As an opportunistic bacterial pathogen, Pseudomonas aeruginosa mainly affects immunocompromised individuals as well as patients with cystic fibrosis. In a previous study, we showed that ExoS of P. aeruginosa, when injected into host cells through a type III secretion apparatus, functions as an effector molecule to trigger apoptosis in various tissue culture cells. Here, we show that injection of the ExoS into HeLa cells activates c-Jun NH(2)-terminal kinase (JNK) phosphorylation while shutting down ERK1/2 and p38 phosphorylation. Inhibiting JNK activation by expression of a dominant negative JNK1 or with a specific JNK inhibitor abolishes ExoS-triggered apoptosis, demonstrating the requirement for JNK-mediated signaling. Following JNK phosphorylation, cytochrome c is released into the cytosol, leading to the activation of caspase 9 and eventually caspase 3. Although c-Jun phosphorylation is also observed as a result of JNK activation, ongoing host protein synthesis is not essential for the apoptotic induction, suggesting that c-Jun- or other AP-1-driven activation of gene expression is dispensable in this process. Therefore, ExoS has opposing effects on different cellular pathways that regulate apoptosis: it shuts down host cell survival signal pathways by inhibiting ERK1/2 and p38 activation, and it activates proapoptotic pathways through activation of JNK1/2 leading ultimately to cytochrome c release and activation of caspases. These results highlight the modulation of host cell signaling by the type III secretion system during interaction between P. aeruginosa and host cells.
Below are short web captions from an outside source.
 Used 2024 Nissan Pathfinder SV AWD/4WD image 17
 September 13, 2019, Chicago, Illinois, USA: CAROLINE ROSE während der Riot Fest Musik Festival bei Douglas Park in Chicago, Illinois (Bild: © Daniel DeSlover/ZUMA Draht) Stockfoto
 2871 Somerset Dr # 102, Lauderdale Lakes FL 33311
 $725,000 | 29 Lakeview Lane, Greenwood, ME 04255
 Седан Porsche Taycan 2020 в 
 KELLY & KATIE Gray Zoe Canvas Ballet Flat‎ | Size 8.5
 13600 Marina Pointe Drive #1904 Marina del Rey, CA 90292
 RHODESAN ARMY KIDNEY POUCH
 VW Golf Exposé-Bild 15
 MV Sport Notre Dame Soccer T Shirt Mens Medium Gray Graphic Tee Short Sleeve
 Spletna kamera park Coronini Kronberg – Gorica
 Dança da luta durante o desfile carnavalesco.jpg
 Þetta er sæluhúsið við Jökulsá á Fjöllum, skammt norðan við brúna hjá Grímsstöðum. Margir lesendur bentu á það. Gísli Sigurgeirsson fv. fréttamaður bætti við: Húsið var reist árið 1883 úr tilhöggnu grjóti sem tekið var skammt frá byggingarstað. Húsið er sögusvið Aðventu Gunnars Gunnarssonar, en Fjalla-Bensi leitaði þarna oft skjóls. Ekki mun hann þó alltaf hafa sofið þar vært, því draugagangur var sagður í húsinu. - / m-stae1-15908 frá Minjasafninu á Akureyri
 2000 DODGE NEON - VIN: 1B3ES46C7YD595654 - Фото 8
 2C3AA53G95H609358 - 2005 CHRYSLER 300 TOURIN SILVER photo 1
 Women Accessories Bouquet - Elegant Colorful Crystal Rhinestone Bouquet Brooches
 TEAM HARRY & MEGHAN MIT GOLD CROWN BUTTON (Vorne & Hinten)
An in vivo inducible gene of Pseudomonas aeruginosa encodes an anti-ExsA to suppress the type III secretion system.

We have previously reported on the isolation of in vivo inducible genes of Pseudomonas aeruginosa using IVET system. One of such genes isolated from burn mouse infection model encodes a short open reading frame with unknown function. In this study, we demonstrate that this gene product specifically suppresses the expression of type III secretion genes in P. aeruginosa, thus named PtrA (Pseudomonas type III repressor A). A direct interaction between the PtrA and type III transcriptional activator ExsA was demonstrated, suggesting that its repressor function is probably realized through inhibition of the ExsA protein function. Indeed, an elevated expression of the exsA compensates the repressor effect of the PtrA. Interestingly, expression of the ptrA is highly and specifically induced by copper cation. A copper- responsive two-component regulatory system, copR-copS, has also been identified and shown to be essential for the copper resistance in P. aeruginosa as well as the activation of ptrA in response to the copper signal. Elevated expression of the ptrA during the infection of mouse burn wound suggests that P. aeruginosa has evolved tight regulatory systems to shut down energy-expensive type III secretion apparatus in response to specific environmental signals, such as copper stress.